# AudioNet-V1
AudioNet is a simple convolutional neural net based on 1-D convolutions. This is trained and tested on google's speech command dataset.
## Requirements
Tested with following setup
### Software
1) Python 3.5
2) Numpy
3) Scipy
4) Keras 2.0.8
5) Tensorflow 1.4.1
6) Scikit-learn
### Hardware
1) GTX 1050 TI 4 GB
## One Dimensional CNN
Here, 1-D convolutions (linear convolutions) are used on top of regular hidden layers to classify the speech signal. The dataset used is Google's speech Commands Dataset
The network has five 1-D convolutional layers with kernel size 32 and stride of 4. They are followed by four hidden layers with 512 neurons each. The network has approximately 10 million parameters in total.
### Data Augmentation used
1) Random noise
2) Random shift
### Training Loss vs Epochs
![](https://github.com/vj-1988/AudioNet-V1/blob/master/Images/training_loss.png)
### Training Acuracy vs Epochs
![](https://github.com/vj-1988/AudioNet-V1/blob/master/Images/training_accuracy.png)
## Training
The dataset has to be in appropriate subfolders with each folder name being the class label. The script AudioNet32.py needs the following inputs to train
1) data_path : root folder of dataset
2) train_ratio : ratio of files to be used for training and remaining is for validation
3) batch_size : minibatch size for training.
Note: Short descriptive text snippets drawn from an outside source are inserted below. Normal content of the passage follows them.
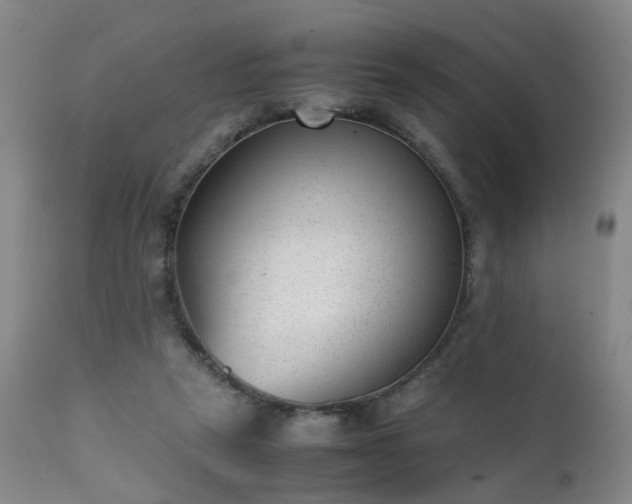 X0000111390257200907171253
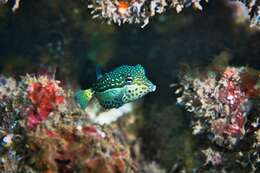 Image of Whitesided boxfish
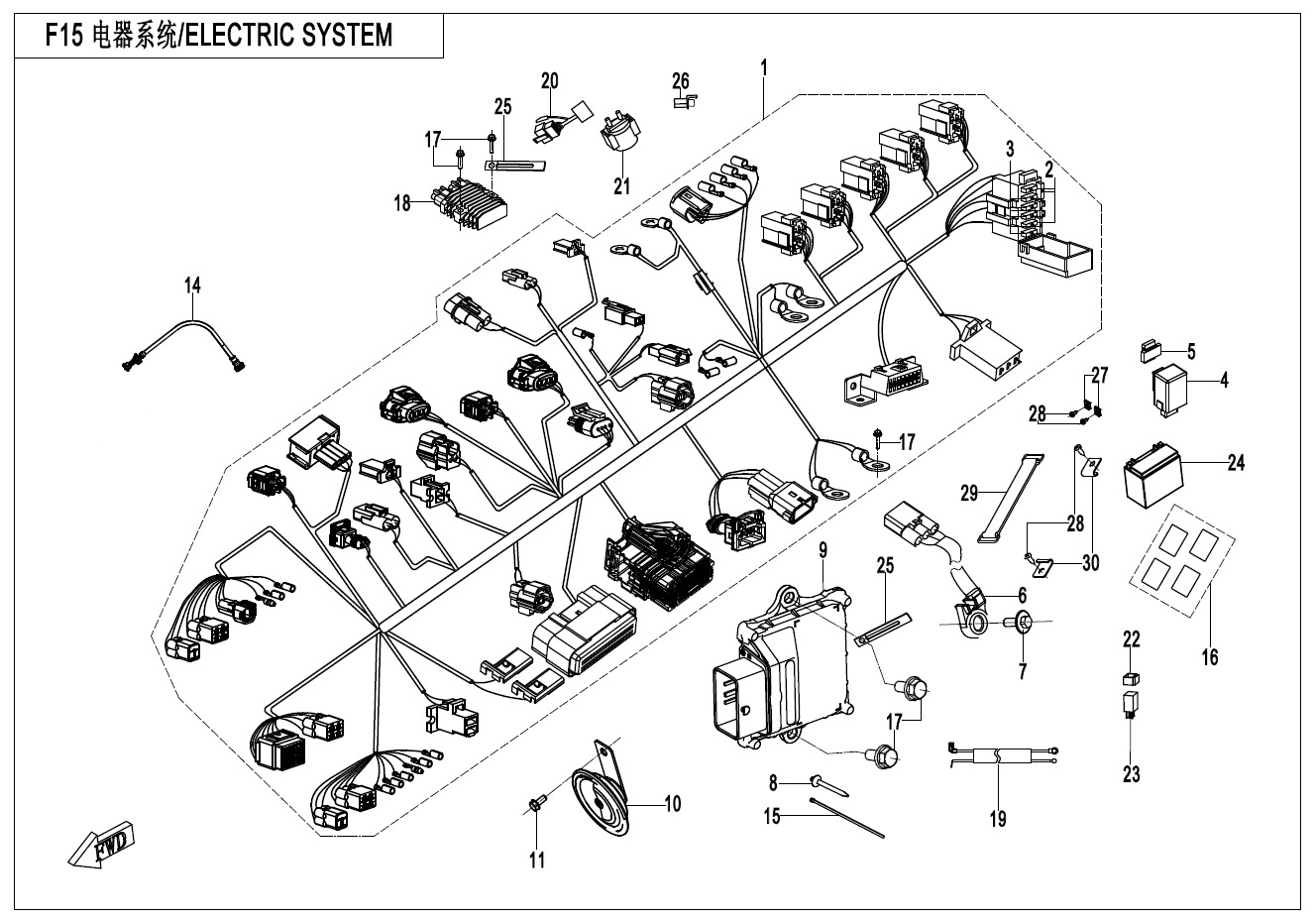 Picture of F15 - ELECTRIC SYSTEM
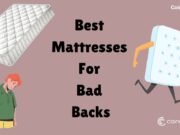 3 Best Mattresses For Bad Backs (February 2026) – CoinCodeCap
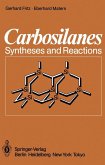 Carbosilanes (eBook, PDF)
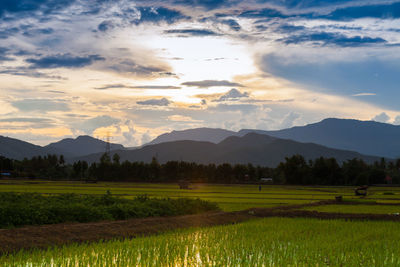 Scenic view of agricultural field against sky during sunset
4) num_epochs : total no. of epochs
5) dst : destination folder to save weights, logs
The script will generate a pickle file that contains synset for validation, training and validation files path and labels. This can be used to resume training using resume_training() function.
The script will save weights once in every 2 epochs.
## Validation
The synset used for training is available in train_data_dic.pkl file. The pretrained weights are available in the following link
[Download pretrained weights (Epoch 10)](https://drive.google.com/file/d/1vrfeXhtb8mRiLI1ja3Ep80M-zv9a-IVw/view?usp=sharing)